Digitalisierung und Vernetzung schaffen technisch und gesellschaftlich, kulturell und wissenschaftlich neue Bedingungen. Sie gilt es in Kategorien zu fassen und als Qualitäten zu verstehen.

Damit hat sich bereits weitgehend das verändert, was wir für wirklich halten, genau wie die Bedingungen, unter denen wir die neue Realität erleben. Ist ein Computerspiel weniger real als die Schnitzeljagd im Wald? Ist eine Facebook-Romanze etwas anderes als ein Flirt an der Bar? Obwohl der binäre Code uns nahezulegen scheint, allein zwischen »an« und »aus« zu unterscheiden, zwischen »real« und »irreal«, haben wir doch offenbar längst gelernt, die Welt gerade mit der Hilfe digitaler Informationen differenzierter, ja granularer und modularer zu verstehen, ohne, so ist jedenfalls zu hoffen, ihre grundlegende Einheit im Sinne der ihr eigenen vernetzten Existenzweise zu übersehen oder gar zu vergessen.

Digitalisierung und Vernetzung verändern offensichtlich die gesamte Art und Weise, wie wir Realität erleben, verstehen und verarbeiten. Doch damit nicht genug: Auch die Bedingungen, unter denen wir das tun, sind andauernd fortschreitenden Veränderungen ausgesetzt. Und zwar so schnell und dynamisch, dass wir unter dem Eindruck des immer wieder neuen Geschehens um uns herum drohen zu vergessen, es auch gedanklich und begrifflich zu erfassen. Wir brauchen also angesichts der neuen Entwicklungen und Erscheinungen, ob sie sich nun im Bereich der Wissenschaft oder der Technologie, gesellschaftlich oder kulturell zeigen und ausprägen, erst eine Begrifflichkeit, die ihnen auch gerecht wird. So wie Newtons Mechanik nicht zur Beschreibung der Quantenphysik taugt, so helfen auch Vorstellungen und Begriffe der vergangenen Jahrhunderte herzlich wenig bei der Beschreibung der digital vernetzten Gegenwart.

THESE 5

Massenmedien verlieren mit dieser Entwicklung nach 150 Jahren ihre gemeinschafts- und identitätsstiftende Funktion. Dadurch kehrt die Kommunikation gewissermaßen zu ihrem Ursprung zurück: zum interpersonalen Austausch, der heute allerdings zunehmend digital und medial vermittelt stattfindet.
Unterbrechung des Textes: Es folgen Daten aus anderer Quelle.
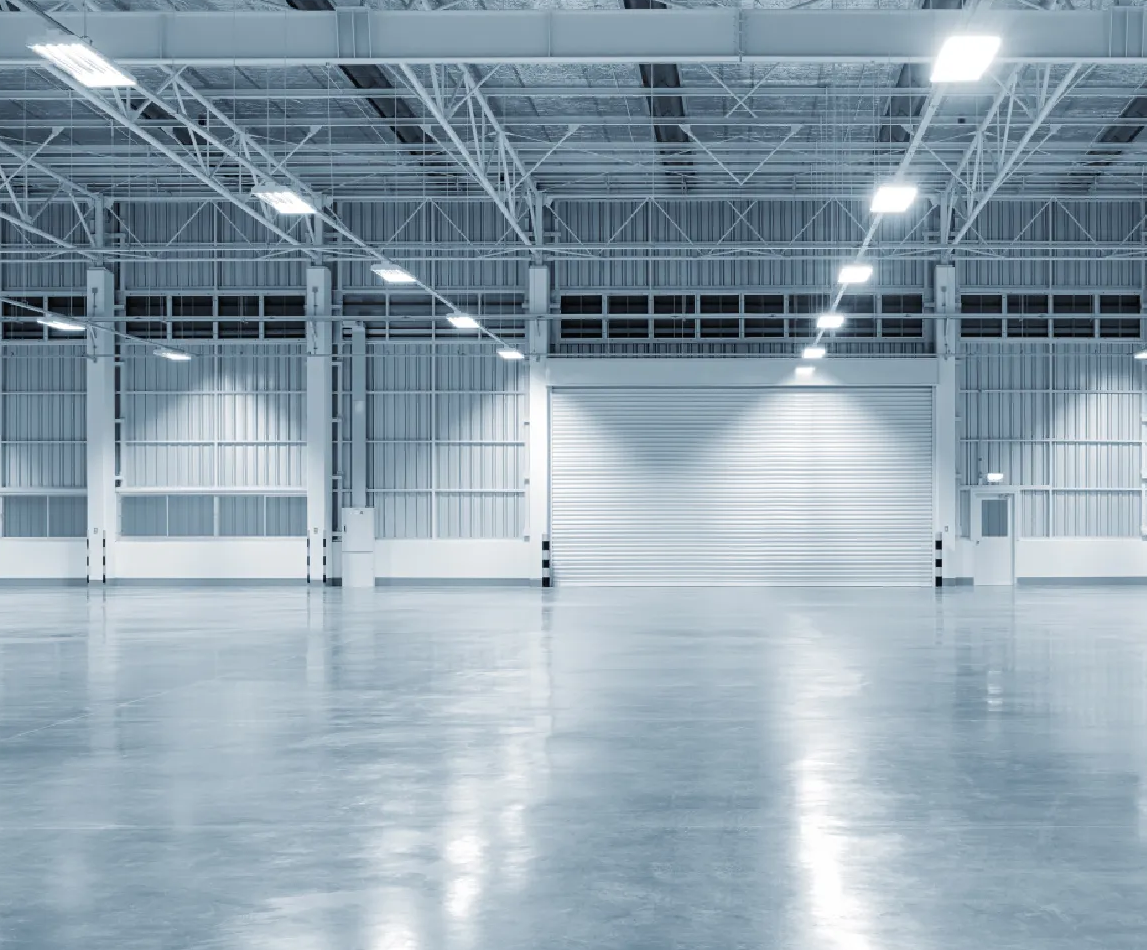 Empty, industrial warehouse interior; concrete floor reflects overhead lights, open bay door.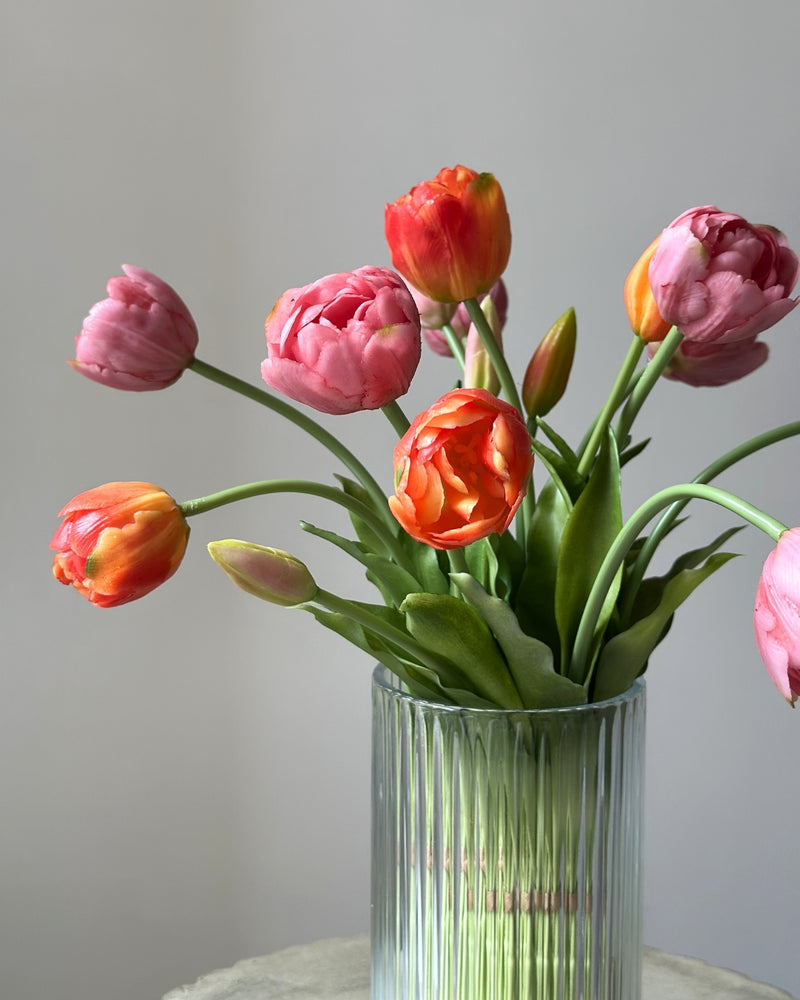 Mange lyseroede og orange tulipaner i en glasvase på en cementpiedestal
Erschwerend kommt bei dieser bevorstehenden »Neuformatierung« der Gesellschaft der Umstand hinzu, dass uns die bekannten Leitplanken und Orientierungshilfen zur Erfassung einer sich dramatisch verändernden Wirklichkeit abhandengekommen sind. Und das betrifft nicht etwa nur Religionen und andere Glaubenssysteme, seien sie eher (natur)wissenschaftlicher oder philosophischer Natur, sondern in ganz besonderem Maße die meinungs- und gemeinschaftsstiftende Funktion der alten Massenmedien.

Konnte man noch vor wenigen Jahren – wie ein deutscher Ex-Kanzler – davon ausgehen, dass man morgens nur die Bild-Zeitung lesen müsse, um zu wissen, was Deutschland am Abend glauben würde (oder wenigstens glauben sollte), so trifft das heute gleich aus mehreren Gründen nicht mehr zu. Zum einen hat die meinungsbildende und gemeinschaftsstiftende Qualität der Inhalte, ob sie nun gedruckt oder elektronisch unters Volk gebracht werden, unter dem Preisverfall der digitalen Waren und Inhalte dermaßen gelitten, dass sie als »Leit-Bild« schlechterdings untauglich geworden sind. Insofern dürfte die Pleite namhafter Zeitungstitel wie der Frankfurter Rundschau oder der Financial Times Deutschland nur ein erster Vorbote des großen Zeitungssterbens sein, wie es in den USA längst begonnen hat.